President Bush says his administration has increased spending for U.S. military veterans by more than two-thirds. But a study released earlier this week found that former military personnel account for one in four homeless people in the United States. And at least 1,500 homeless veterans are from the current U.S.-led wars in Afghanistan and Iraq. From Washington, VOA's Margaret Besheer has more.

Sunday is Veterans Day in the United States, a day to remember and celebrate those who have served the country's military.

But a study this week from the public non-profit National Alliance to End Homelessness found that many former U.S. military personnel are slipping through the cracks and now account for 25 percent of the nation's homeless population.

Even more concerning, the report found that the homeless are not just older veterans, but also younger ones who have returned from fighting in Iraq and Afghanistan, signaling that the problem could grow.
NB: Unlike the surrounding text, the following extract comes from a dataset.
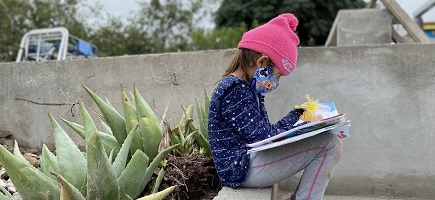 A girl with a face mask is sitting on a wall and writing in a notebook.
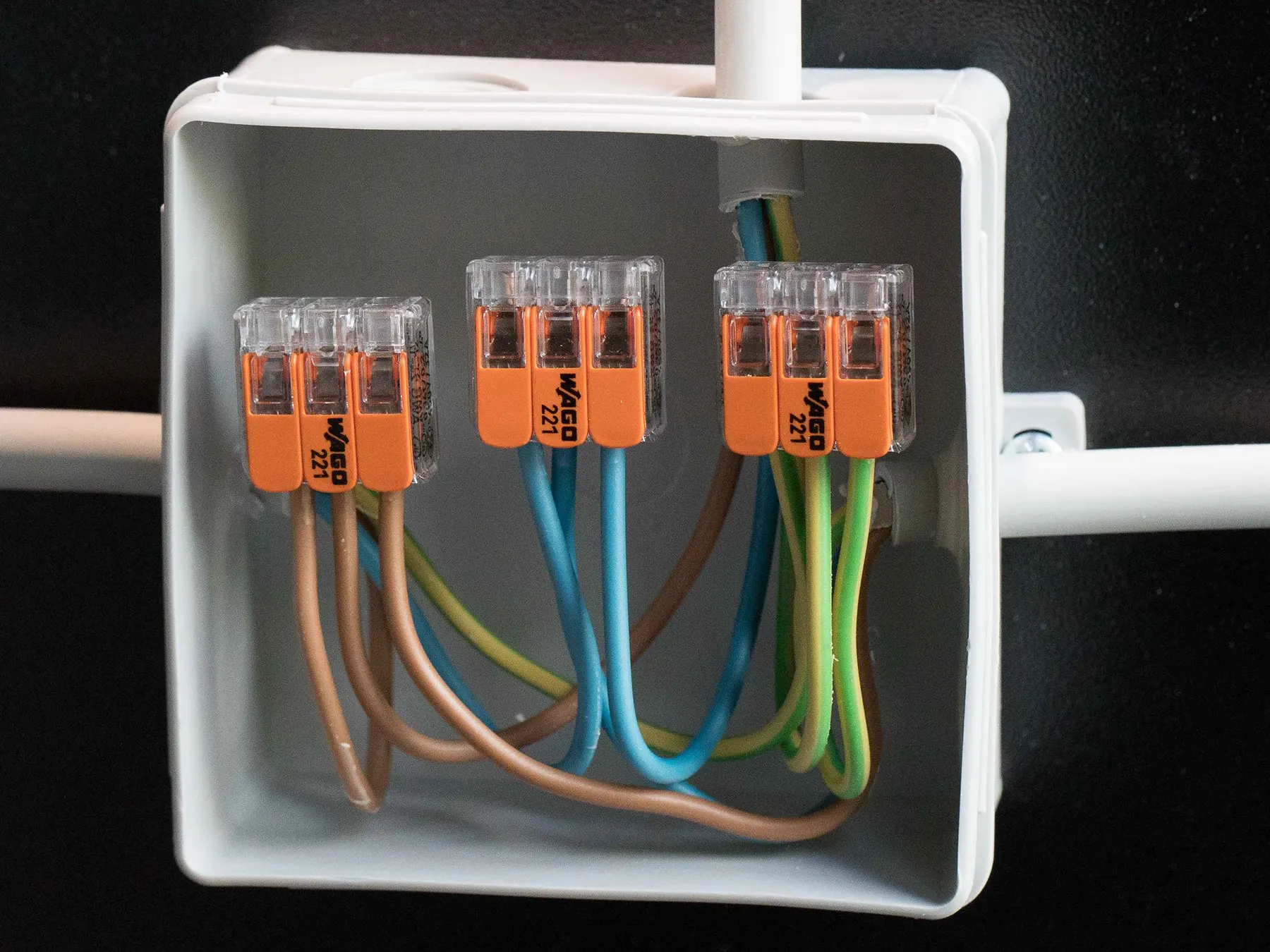 A neatly wired junction box with three WAGO 221 lever connectors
President Bush says the nation has a solemn duty to care for its veterans. He says his administration has increased spending for veterans, and he is urging Congress to quickly pass a spending bill that would cover programs for former military members.

"Under my administration, federal spending for our veterans has increased by more than two-thirds. We have extended medical treatment to a million additional veterans, including hundreds of thousands returning from Afghanistan and Iraq. And we have expanded grants to help homeless veterans across the country," he said.

In his weekly radio address Saturday, the President called on the Democratic party-led Congress to pass legislation that would help veterans, including a spending bill that sets aside additional funds for their healthcare and housing.

Democratic party representative Joe Sestak of Pennsylvania, a retired three-star Navy admiral, underscored his party's commitment to veterans during the Democrats' weekly radio address. He spoke about legislation his party supports.

"The new direction Congress has supported landmark legislation to increase the Veterans' budget by six-point-seven billion dollars, the largest single increase in the 77-year history of the Veterans Administration. And there is a four-point-four billion dollar increase in veterans medical care, including 600 million additional dollars for new initiatives for mental health and post-traumatic stress disorder," he said.

There are 24 million living U.S. veterans. In fiscal year 2007, the government spent $80 billion on programs for them, including almost $35 billion for health care.